FEATURES = ['backspace_backspace', "E_space", "space_T", "T_H", "space_A", "S_space", "T_space", "H_E", "D_space", "A_N", "I_N", "R_E", "N_space", "E_R", "Y_space", "space_I", "space_O", "O_space", "space_W", "space_S", "O_N", "N_D", "E_N", "R_space", "O_U", "space", "E", "backspace", "T", "A", "O", "I", "N", "S", "R", "H", "L", "D", "U", "C", "M", "G", "Y", "F", "W", "P", "B", "comma", "V", "dot", "K"]

USE_TRANSITION_2 = True
N_NEIGHBORS=3

def process_and_unite_keystrokes(
    inputs, 
    humanize=True, 
    distinguish_shift=True,
    normalizator = timestamp_values,
    normalizator_coef = 1.5,
    transition_2=False): 
    a,b,c = process_keystrokes(inputs, humanize, distinguish_shift)
    raw_data = {**a , **b, **c}
    res = {}

    features = FEATURES
    if transition_2:
        features = list(map(lambda x: x if "_" not in x else f"-{x}", features))

    for feature in features:
        if feature in raw_data: 
            mean, std, var = normalizator(raw_data[feature], normalizator_coef)
        else: 
            mean, std, var = None, None, None

        res[f"{feature}_mean"] = mean 
        res[f"{feature}_std"] = std 
        # res[f"{feature}_var"] = var

    return res

def mutate_dataset(df, 
    user_id_column = "UserName", 
    keystrokes_column="ReviewMeta", 
    transition_2=False):
    res = []
    for index, inputs in df.iterrows():
        data = process_and_unite_keystrokes(inputs[keystrokes_column], transition_2=transition_2)
        res.append({'user_id': inputs[user_id_column], **data})
    return pd.DataFrame(res)

def standartize_dataset(res):
    modifiers = {}
    for column in res.columns.difference(['user_id']):
        mean_v = res[column].mean()

        # Fill n/a values with mean
        res[column].fillna(mean_v, inplace=True)

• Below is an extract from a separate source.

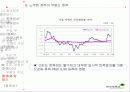 부동산 정책의 역사와 효과 63페이지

        min_v = res[column].min()
        max_v = res[column].max()
        res[column] = res[column].apply(lambda x: (x - min_v)/(max_v - min_v))

        # Save modifiers so that they could be applied to 
        modifiers[column] = { 'mean': mean_v, 'min': min_v, 'max': max_v }

    return res, modifiers

def standartize_by_modifiers(res, modifiers, features = FEATURES): 
    for column in res.columns.difference(['user_id']):
        # Fill n/a values with mean
        res[column].fillna(modifiers[column]['mean'], inplace=True)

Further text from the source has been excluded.